Aww, I believe you need at least 50 or 100 posts to create a blog. Anyway, the "Create blog" is on the drop down menu of Blog beside the Quizzes and FAQ on the dashboard thingy. Haha, hopefully that made sense.

----------


## Yongen He

I also had the problem trying so hard to learn how to blog, still in vain. Do I have to post 50 to 100 times before writing my first blog? Maybe there are reasons but I simply think this is ridiculous, and wastes our time~

----------


## Technophile

I agree. I mean, what's the point of mods when everything's so restricted that they have nothing to do?  :Flare:

----------


## Logos

lol.. uhm, yes, there are a few requirements before you can blog here.

See this thread:

http://www.online-literature.com/for...ad.php?t=19945

--

----------


## GEETASHREE

I have somehow found out how to post a blog entry but I can't make out how to edit the same once posted. Please help!!!!!!!!!!

----------


## Maximilianus

> I have somehow found out how to post a blog entry but I can't make out how to edit the same once posted. Please help!!!!!!!!!!


At the bottom right corner of your blog entry, immediately before the comment section, you'll see a little icon with the form of a pencil. Hovering your mouse cursor over it will show a tip that reads "Edit Blog Entry". By clicking on the icon you will be directed to the blog edition window, and you'll be able to change what you want.

----------


## country doctor

why should the doc blog when everybody here reads all his posts anyways? seems like redundance and an unwelcome burden for all of the doc's fans to the country doctor...what says you, members of the doc's fan club? are you demanding a blog from the country doctor? maybe the doc has been a little harsh after all on his thoughts for a blog by the doc...of course, on the other hand it seems easy enough for the fan club to follow all of the doc's work by just just typing in country doctor...what we might have here folks is a quandry...

----------


## country doctor

yes you guessed it folks...the doc's still in a quandry...the response from his fan base is pretty much 50/50 so the doc has decided to let the voting continue for awhile longer...
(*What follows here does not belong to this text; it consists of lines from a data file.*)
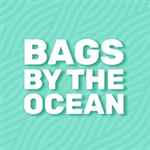 Bags By The Ocean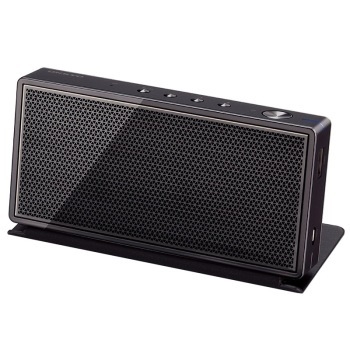 ONKYO 安桥 LEvoke23 蓝牙音箱 图1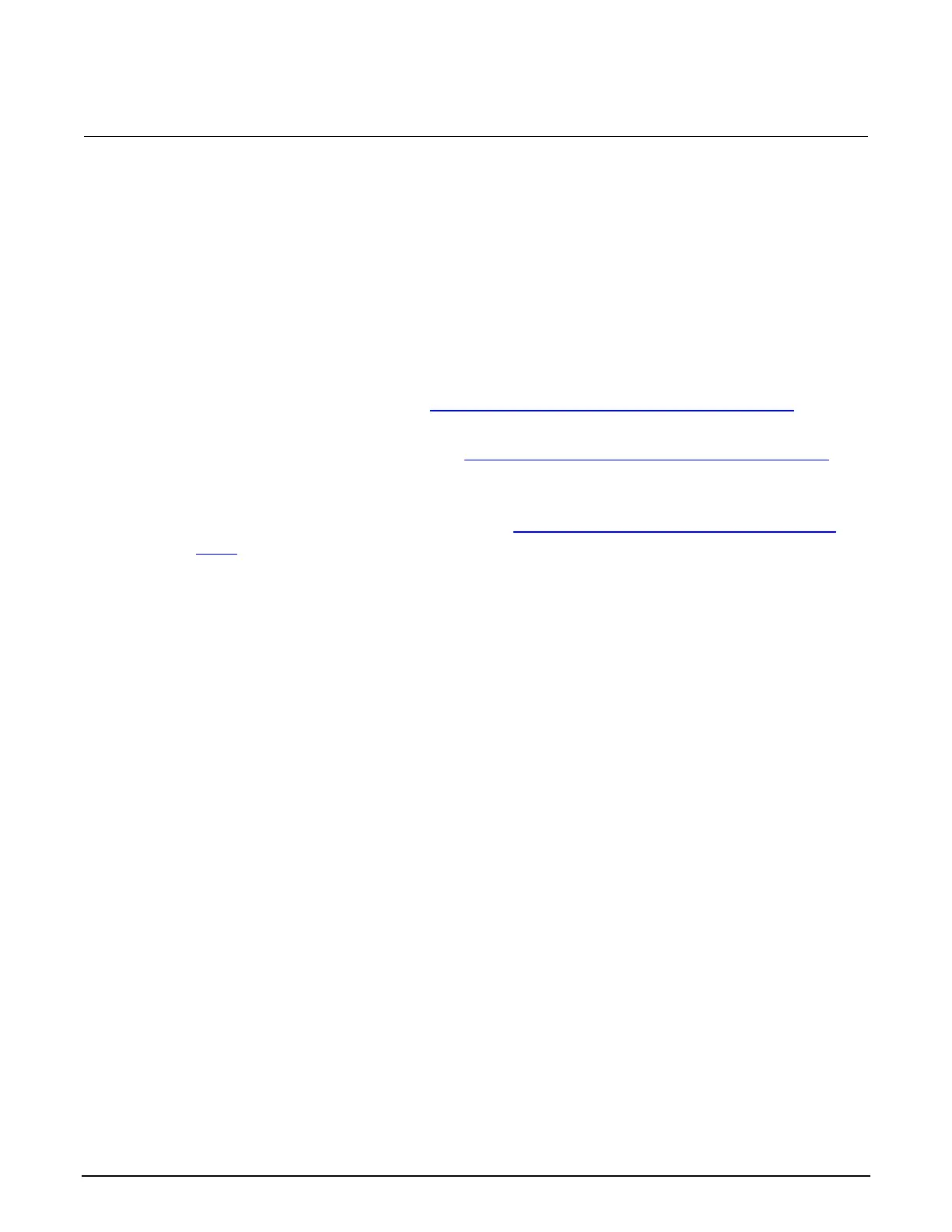Page #390 background image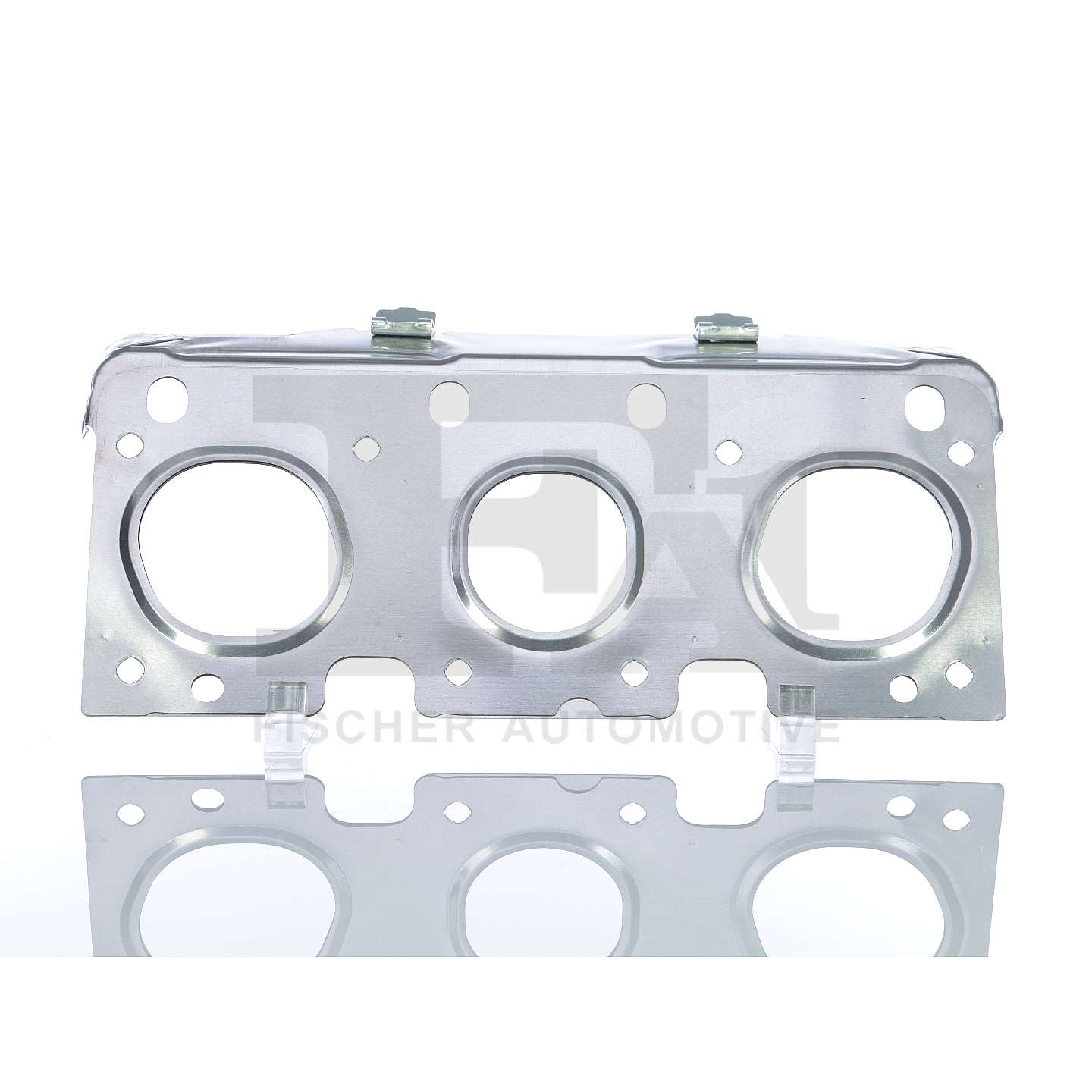 FA1 414019 Mercedes A205 C400 4-matic (205.466) Exhaust collector gasket 333 hp Petrol 2018 cost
don't be afraid to weigh in now...the doc has extended hours at the polling place...

----------


## subrataa lamsal

hey can anyone help me on how to post my things.....plase it would be really thankful.....can i post my poems in this site?????hope i will get immense help and support..
thankyou

----------


## Maximilianus

> hey can anyone help me on how to post my things.....plase it would be really thankful.....can i post my poems in this site?????hope i will get immense help and support..
> thankyou


To post your poems you need to enter the _Personal Poetry_ section, under this link: http://www.online-literature.com/for...splay.php?f=14
Then you have to click on _New Thread_, the edition window appears and you can type your poem there. You can preview your post by clicking the _Preview Post_ button (one of the buttons below the text box), and once you're done you click on _Submit New Thread_ (the other button below the text box), and your poem will be posted. There are more things you can do. You need to get familiar with the site's philosophy first, but it's pretty much simple. I hope this helps, and welcome to Lit Net

----------